城門をくぐってから天守にたどり着くには、最短距離でも十五分はかかるものと思っていいでしょう。もちろん観光で訪れるのですから、最短距離を歩くことも速足で先を急ぐこともないでしょう。小一時間の時間をかけて巡るとしても十分な規模の建築量がその中には秘められています。――しかし他方で、丸亀城の天守はその石垣の規模に比さずとも小ぶりな部類です。「現存12天守」に含まれる有名な天守ではありますが、その大きさは日本一小さく、この石垣の規模とのアンバランスさが丸亀城の景観の特徴であり、またかつての優れた戦略をうかがわせる要素なのです。小さな天守が高い石垣の先端に座すことで、遠近法により石垣は通常よりもずっと高く感じられます。加えてこの石垣は「扇の勾配」という独特の工法により設計されています。

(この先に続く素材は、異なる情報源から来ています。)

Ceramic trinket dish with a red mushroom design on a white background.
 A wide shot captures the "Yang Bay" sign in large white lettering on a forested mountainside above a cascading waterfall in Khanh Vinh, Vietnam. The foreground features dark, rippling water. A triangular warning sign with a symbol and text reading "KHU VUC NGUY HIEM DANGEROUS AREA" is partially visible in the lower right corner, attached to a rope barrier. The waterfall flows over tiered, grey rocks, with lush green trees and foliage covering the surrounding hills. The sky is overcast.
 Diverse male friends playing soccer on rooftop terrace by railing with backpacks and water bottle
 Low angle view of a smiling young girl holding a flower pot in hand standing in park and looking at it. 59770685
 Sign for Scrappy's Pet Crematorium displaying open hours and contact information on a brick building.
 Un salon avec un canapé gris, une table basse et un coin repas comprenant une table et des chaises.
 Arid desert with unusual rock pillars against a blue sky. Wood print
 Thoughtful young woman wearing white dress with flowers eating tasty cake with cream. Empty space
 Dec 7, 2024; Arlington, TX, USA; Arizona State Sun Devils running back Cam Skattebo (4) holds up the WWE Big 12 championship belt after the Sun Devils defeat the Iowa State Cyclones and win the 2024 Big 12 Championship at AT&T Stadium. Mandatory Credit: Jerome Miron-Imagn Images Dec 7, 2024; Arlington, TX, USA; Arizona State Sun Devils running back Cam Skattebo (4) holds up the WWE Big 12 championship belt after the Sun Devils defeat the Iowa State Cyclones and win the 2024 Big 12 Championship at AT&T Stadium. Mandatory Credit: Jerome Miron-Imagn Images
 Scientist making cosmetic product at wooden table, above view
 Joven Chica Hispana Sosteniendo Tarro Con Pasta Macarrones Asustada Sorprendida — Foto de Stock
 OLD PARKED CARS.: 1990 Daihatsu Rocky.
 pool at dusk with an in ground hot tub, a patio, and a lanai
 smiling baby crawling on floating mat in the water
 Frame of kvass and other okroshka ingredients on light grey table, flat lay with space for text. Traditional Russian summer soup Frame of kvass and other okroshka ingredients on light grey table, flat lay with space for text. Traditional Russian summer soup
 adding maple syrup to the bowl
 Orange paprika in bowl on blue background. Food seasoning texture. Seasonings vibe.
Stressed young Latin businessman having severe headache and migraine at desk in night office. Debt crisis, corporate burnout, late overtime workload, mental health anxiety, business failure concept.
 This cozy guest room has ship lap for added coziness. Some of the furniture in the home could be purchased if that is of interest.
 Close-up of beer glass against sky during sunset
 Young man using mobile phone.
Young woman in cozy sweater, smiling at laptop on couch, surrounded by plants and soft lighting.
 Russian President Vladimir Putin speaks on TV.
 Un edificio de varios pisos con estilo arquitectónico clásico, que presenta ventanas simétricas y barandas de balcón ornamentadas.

ふもとから上に行けば行くほど垂直に切り立つ曲面を成しており、頑丈さを備えながらも敵の侵入を阻む、非常に優れた工夫でした。
丸亀城にまつわる逸話と遺構
丸亀城の石垣のスケールは、その雄姿を見ただけで息をのむでしょう。しかし次の瞬間にはこうも頭をよぎるはずです。――当時の人々はこれを作るのに凄まじい苦労を費やしただろう、と。実際に丸亀城の石垣の工事は大変な大事業であり、難航しました。今では『国の史跡』に指定され、多くの観光客を呼び寄せる日本一の石垣は、もう400年近く前に築かれたものなのです。高さ60メートルという、当時としては計画段階から絵空事のように思われた石垣工事には、いくつかの逸話が付随しています。中でも、人柱伝説は全国の大規模な石垣の多くにまとわりつく怪談です。全国の多くの地域で聞かれるわりにまったく代わり映えのしない内容で、石垣工事が難航した際に、人間を土地の神に捧げるべく石垣に埋める、という物語です。その物語はもはや石垣観光の様式美とでも言うべきもので、それぞれの石垣の人柱物語を聞き比べるのも、「城めぐり」の醍醐味と捉えてしまいましょう。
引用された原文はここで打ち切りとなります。